The moment we step outside, the heat of the August night hits us in a way that reminds me why I love being awake after midnight. It’s like walking into a warm bath surrounded by starlight. I was made for warm weather. Maybe that’s because I often feel emotionally cold.
Isaiah’s Mustang growls in front of the club. Logan hops out of the passenger side and moves the seat forward so I can enter the back. His black hair moves with the gentle breeze and he studies me like he thinks I’ll slide in. “Come eat with us, Abby. I’m buying tacos.”
I tilt my head in an annoyed way and he adds, “For everyone.”
I toss a glare into the backseat where West is sitting.
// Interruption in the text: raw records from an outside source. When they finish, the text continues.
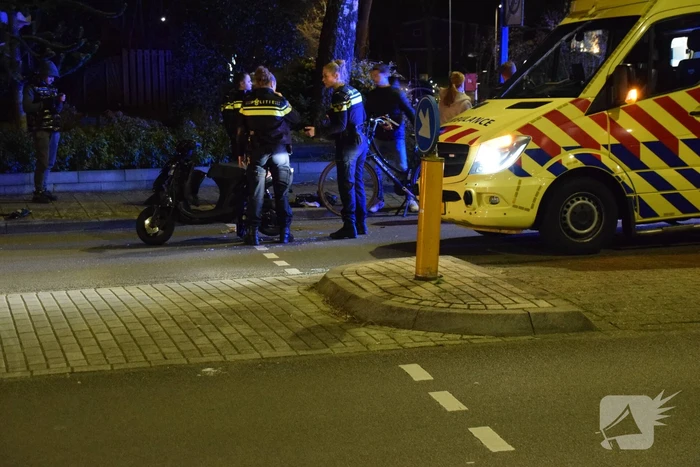 Schade na ongeval tussen auto en scooter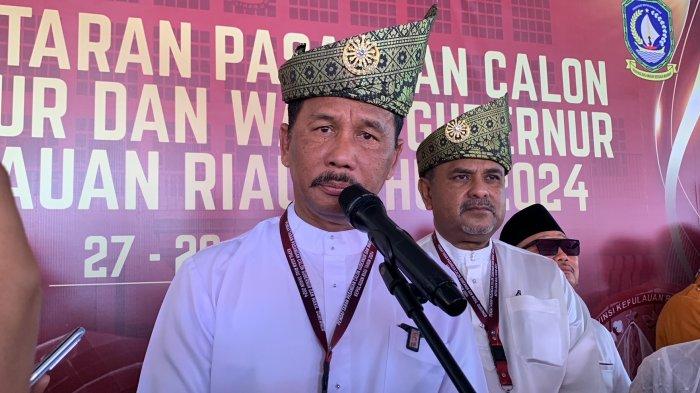 PILKADA KEPRI 2024 - Bakal pasangan calon (Paslon) Muhammad Rudi-Aunur Rafiq saat konfrensi pers usai mendaftar ke KPU Kepri, Rabu (28/08/2024).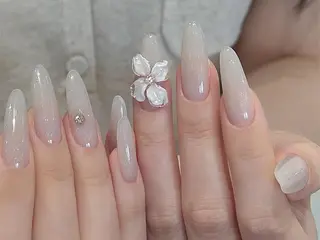 ネイル 🦋 Queenieのネイルデザイン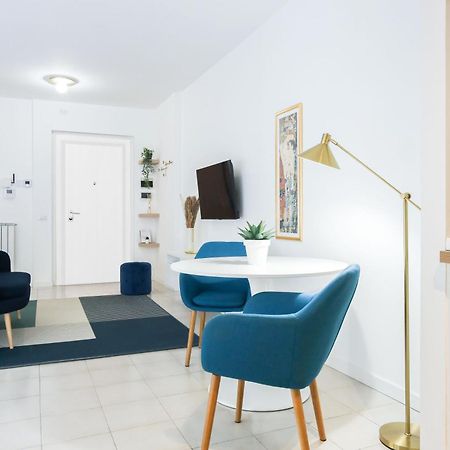 Glamorous Flat With Jacuzzi, King Size Bed And Small Balcony Perugia Eksteriør billede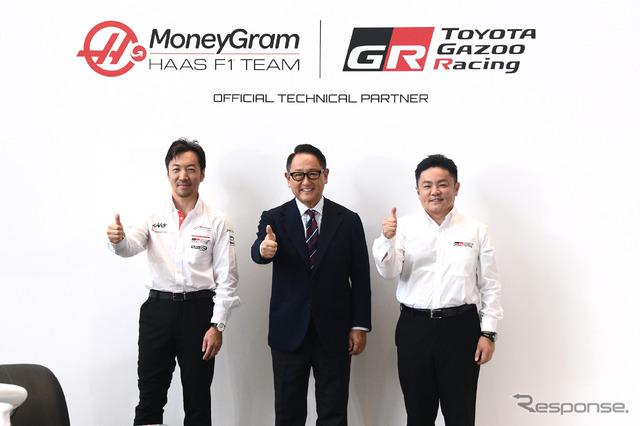 左からHaas F1代表の小松礼雄氏、モリゾウ氏(トヨタ自動車代表取締役会長 豊田章男氏)、TOYOTA GAZOO Racing プレジデントの高橋智也氏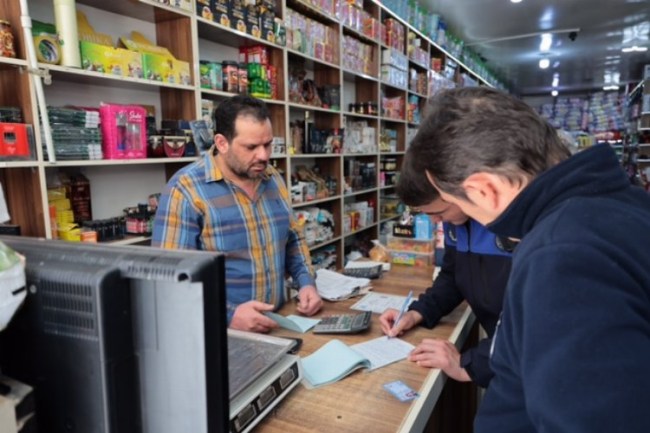 Başkan Arı'nın ilk talimatı arapça tabelaların kaldırılması oldu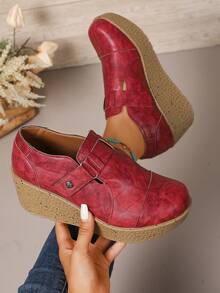 女士红色时尚舒适坡跟一脚蹬鞋，纯色复古 PU 皮革，钩环坡跟浅口鞋，适合节日、婚礼、派对、办公室和日常穿着，春夏秋 - 紅色 - 查看 2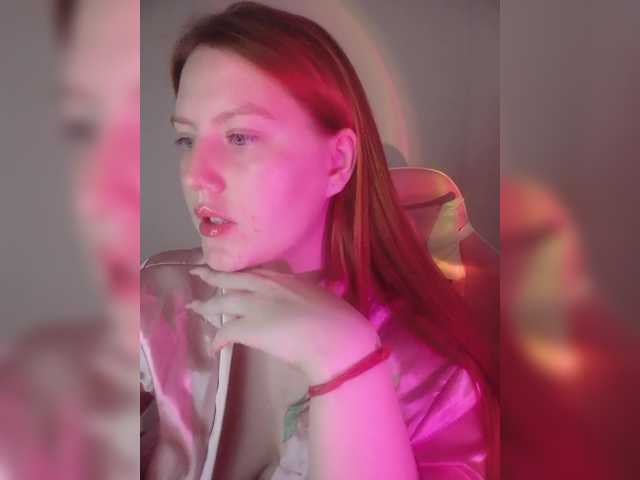 DollVice live webcam show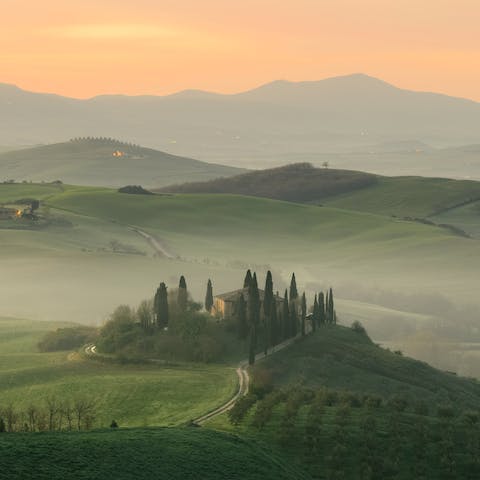 Be enthralled by the beautiful, unmistakable landscapes of Tuscany
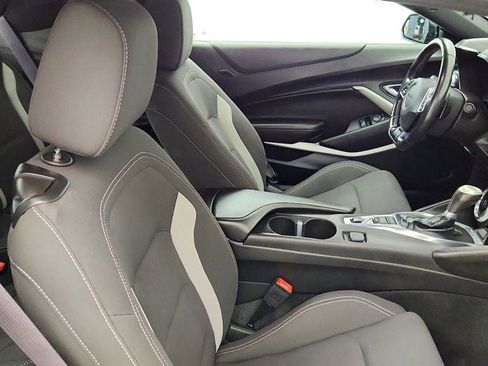 Used 2017 Chevrolet Camaro LT RWD image 22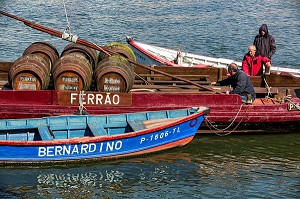 BATEAU A FOND PLAT POUR LE TRANSPORT DES TONNEAUX DE VIN (BARCOS RABELOS) SUR LE DOURO, VILA NOVA DE GAIA, PORTO, PORTUGAL 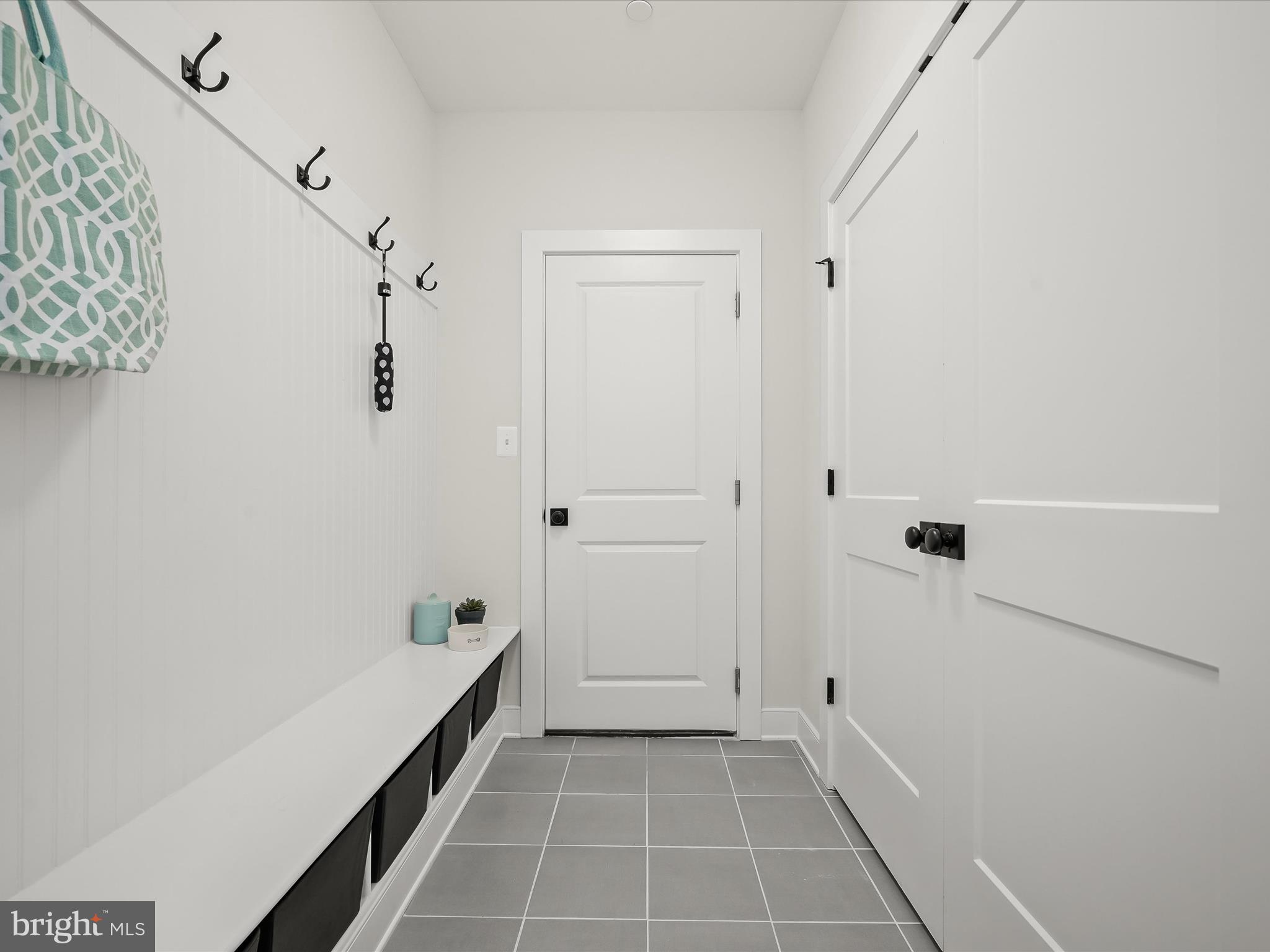 WHEATLEY HILLS - Residential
If he told them that I only eat when his boss decides to share his lunch or dinner I will publicly castrate him. Because West doesn’t cower, not even from me, he meets my eyes and shakes his head that he’s kept my secret. Not sure if that makes me feel better or worse.
“Tomorrow,” I say and circle back for the club.
Seconds before I’m about to step in, a strong hand catches my wrist and Logan’s dark eyes bore into mine. I suck in a breath. Yes, this boy is definitely made for sin. The type of sin that involves his shirt off, my hands sliding through his mess of black hair, and his lips devouring mine.
“Doesn’t have to be tacos,” he says. “It doesn’t have to be food at all. Just leave with us.”
Logan’s one of the good guys, and my heart honestly twists with the silent expectation he has that I can be one of the good people, too. He’s a poor soul who believes I have a choice and that’s the reason why I won’t kiss him.
I look over at the car and see three other people who also believe I’m more than what I am. Three other people who see the world in black and white. What they want from me isn’t possible.
I fix my tank top over my jeans and straighten as if to pretend I’m just as tall as Logan. I’m no longer the Abby I wish I could be, I’m the Abby the streets have taught me that I am.
A shadow crosses over his face as I permit Logan to meet the girl the rest of the world is scared of. I hate this, but sometimes even I get tired of lying. “You need to go and I need to work. Don’t stop me again.”
“Doesn’t have to be like this,” he says like I expect of him. Even with jacked-up parents, in the end, he gets to choose the hand that’s dealt to him.
Unfortunately for me... “It does.”
This time, Logan doesn’t stop me and a little part of the Abby I wish I could be dies as he lets me go.
On the crowded sidewalk next to Isaiah’s car, Rachel and I stare at each other. There’s a million requests in those blue eyes and pride demands that I ignore her and walk away.